**Problem details**: If a line in the data below holds the word "background", copy it.
:: Data to examine
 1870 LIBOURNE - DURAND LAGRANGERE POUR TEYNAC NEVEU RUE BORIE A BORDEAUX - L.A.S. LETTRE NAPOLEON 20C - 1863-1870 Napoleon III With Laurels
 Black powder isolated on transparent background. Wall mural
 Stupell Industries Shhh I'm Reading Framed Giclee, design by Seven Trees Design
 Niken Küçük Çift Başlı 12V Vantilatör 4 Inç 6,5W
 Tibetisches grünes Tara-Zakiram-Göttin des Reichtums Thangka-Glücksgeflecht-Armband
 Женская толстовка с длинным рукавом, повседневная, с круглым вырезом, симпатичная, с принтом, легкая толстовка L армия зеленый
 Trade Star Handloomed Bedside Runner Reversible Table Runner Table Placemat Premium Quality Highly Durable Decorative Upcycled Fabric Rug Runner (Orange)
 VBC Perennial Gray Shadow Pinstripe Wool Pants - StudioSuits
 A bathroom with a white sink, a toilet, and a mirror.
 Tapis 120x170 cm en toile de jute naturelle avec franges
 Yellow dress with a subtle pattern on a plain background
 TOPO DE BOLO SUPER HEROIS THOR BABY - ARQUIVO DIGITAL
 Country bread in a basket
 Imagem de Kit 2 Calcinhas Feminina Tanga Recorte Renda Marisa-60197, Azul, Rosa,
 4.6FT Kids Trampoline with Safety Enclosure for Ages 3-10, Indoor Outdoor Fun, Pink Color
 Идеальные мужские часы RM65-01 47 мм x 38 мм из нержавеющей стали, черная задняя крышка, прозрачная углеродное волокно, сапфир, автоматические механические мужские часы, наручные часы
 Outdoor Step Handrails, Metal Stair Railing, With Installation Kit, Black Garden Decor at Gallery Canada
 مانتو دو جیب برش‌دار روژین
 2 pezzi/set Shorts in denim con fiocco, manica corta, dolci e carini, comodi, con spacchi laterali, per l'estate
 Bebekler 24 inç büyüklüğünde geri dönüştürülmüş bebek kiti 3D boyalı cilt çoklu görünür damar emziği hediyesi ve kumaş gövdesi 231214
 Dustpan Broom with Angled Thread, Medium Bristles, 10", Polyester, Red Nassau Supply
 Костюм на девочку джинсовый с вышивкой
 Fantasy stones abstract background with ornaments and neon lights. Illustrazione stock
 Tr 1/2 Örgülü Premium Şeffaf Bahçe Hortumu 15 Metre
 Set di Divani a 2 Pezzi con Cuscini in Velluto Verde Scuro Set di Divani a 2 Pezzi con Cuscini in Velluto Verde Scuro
::::
**Reply**:
 Black powder isolated on transparent background. Wall mural
 Yellow dress with a subtle pattern on a plain background
 Fantasy stones abstract background with ornaments and neon lights. Illustrazione stock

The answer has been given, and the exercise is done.